[[ Material to process open ]]

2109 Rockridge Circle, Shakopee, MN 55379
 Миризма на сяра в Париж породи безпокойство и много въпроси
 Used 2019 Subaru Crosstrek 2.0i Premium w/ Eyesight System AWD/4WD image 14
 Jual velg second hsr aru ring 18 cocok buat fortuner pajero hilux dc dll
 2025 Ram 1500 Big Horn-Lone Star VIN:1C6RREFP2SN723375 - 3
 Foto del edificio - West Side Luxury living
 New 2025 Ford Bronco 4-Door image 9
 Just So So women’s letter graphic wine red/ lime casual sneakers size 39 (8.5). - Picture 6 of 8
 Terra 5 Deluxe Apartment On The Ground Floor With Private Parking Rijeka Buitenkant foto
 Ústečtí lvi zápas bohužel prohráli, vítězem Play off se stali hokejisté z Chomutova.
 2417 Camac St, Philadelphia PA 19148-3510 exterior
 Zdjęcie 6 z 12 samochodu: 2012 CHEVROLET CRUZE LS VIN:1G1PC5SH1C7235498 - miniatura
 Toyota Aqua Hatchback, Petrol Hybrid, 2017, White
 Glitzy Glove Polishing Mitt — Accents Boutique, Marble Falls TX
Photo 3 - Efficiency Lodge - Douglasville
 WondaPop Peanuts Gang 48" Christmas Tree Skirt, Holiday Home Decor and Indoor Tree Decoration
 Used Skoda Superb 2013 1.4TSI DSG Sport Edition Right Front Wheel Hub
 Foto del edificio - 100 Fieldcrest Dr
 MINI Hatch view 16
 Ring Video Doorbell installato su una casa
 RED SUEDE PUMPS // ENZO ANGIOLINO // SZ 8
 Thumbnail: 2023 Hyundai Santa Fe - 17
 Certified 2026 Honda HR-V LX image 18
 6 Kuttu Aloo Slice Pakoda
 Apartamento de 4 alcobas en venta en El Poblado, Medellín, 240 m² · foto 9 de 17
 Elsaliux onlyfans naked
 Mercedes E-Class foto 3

[[ Material to process closed ]]

_Instructions to follow_
Count how many lines of the listing above include "edificio" and report that number alone.

_Written answer_
2